● **EXERCISE**
Go through the data below and gather each line containing "Dress".

● **GIVEN DATA**
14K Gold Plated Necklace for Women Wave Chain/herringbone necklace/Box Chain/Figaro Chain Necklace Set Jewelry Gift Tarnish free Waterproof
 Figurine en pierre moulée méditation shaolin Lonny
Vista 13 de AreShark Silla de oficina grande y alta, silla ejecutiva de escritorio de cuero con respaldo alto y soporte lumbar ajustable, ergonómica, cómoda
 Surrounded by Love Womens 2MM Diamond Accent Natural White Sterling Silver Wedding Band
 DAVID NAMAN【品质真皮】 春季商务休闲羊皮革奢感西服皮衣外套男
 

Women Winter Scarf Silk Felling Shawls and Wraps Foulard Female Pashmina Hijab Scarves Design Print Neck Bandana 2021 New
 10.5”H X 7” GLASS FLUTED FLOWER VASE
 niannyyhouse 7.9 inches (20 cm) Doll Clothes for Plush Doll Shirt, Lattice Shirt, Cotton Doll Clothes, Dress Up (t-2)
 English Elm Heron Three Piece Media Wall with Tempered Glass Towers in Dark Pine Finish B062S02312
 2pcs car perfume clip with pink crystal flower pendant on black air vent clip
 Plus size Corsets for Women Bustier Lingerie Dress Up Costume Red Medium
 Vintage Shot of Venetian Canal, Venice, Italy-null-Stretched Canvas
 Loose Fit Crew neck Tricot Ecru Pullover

● **EXERCISE RESULT**
 niannyyhouse 7.9 inches (20 cm) Doll Clothes for Plush Doll Shirt, Lattice Shirt, Cotton Doll Clothes, Dress Up (t-2)
 Plus size Corsets for Women Bustier Lingerie Dress Up Costume Red Medium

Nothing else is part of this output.